The last submitted patch, 886488.patch, failed testing.

subscribe.

Status:Needs work» Needs review
StatusFileSize
new13.23 KB
PASSED: [[SimpleTest]]: [MySQL] 27,393 pass(es).
[ View ]

ugh, I can't believe I did that, fixing variable name...

subscribing

Priority:Critical» Major

While I think this is a great change, and much needed for D7 I don't think it is a critical (which doesn't mean it won't make D7, just that it won't block the release).

Put simply
It doesn't break the API (although it does add some clean up functions so could count as an API change)
It doesn't contain any strings
It doesn't stop Drupal working in a fundamental way.

See #974066: Friendly reminder: on critical issues and RCs for information on criticals.

If someone else disagrees withe me please bump again.

Priority:Major» Critical
StatusFileSize
new13.25 KB
FAILED: [[SimpleTest]]: [MySQL] Unable to apply patch 886488_12.patch.
[ View ]

This is a new feature to D7 that prevents a high usage site from updating their code without downtime, that to me stops D7 from working in a critical way, consider security updates.

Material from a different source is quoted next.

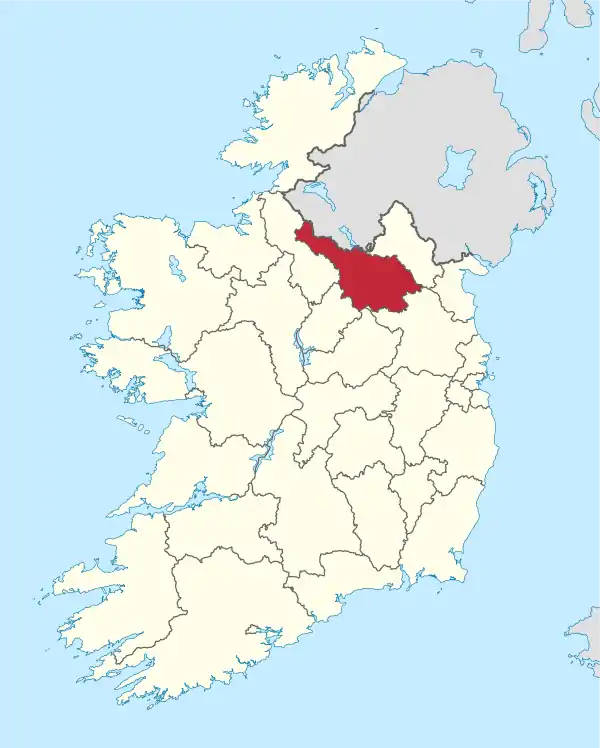 Cavan in Ireland.svg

No disrespect Jeremy, I'm sure you've done great work in Drupal. I hope you agree it would be nice to let a few more people see this before lowering the priority. I work with chx and catch, and both those guys know about this issue. I know that either of them (or any of a dozen or more others) will lower the priority when they want to get Drupal out the door or if they agree with you, and I'll accept it then.

Here's one more update. Adding version to the filename, so that upping the version, which already forces a new bundle to build, also updates the filename, forcing CDN's to clear. I thought that was already in here, but wasn't. It's kinda a key component to the version idea.

Status:Needs review» Needs work

The last submitted patch, 886488.patch, failed testing.

The return FALSE bug should probably be it's own issue, that's quite serious just by itself if you run into it and it's not directly related to the stampede.

I think this is strictly speaking 'major' in the sense that it will only occur with a certain degree of traffic (or possibly on a site that's i/o constrained with medium traffic), however I don't think we should release with both this issue and #973436: variable_set() should rebuild the variable cache, not just clear it unresolved - since to me the combination of the two is critical (the css/js stampede can itself lead to a variable_set() stampede since that's where the map is stored).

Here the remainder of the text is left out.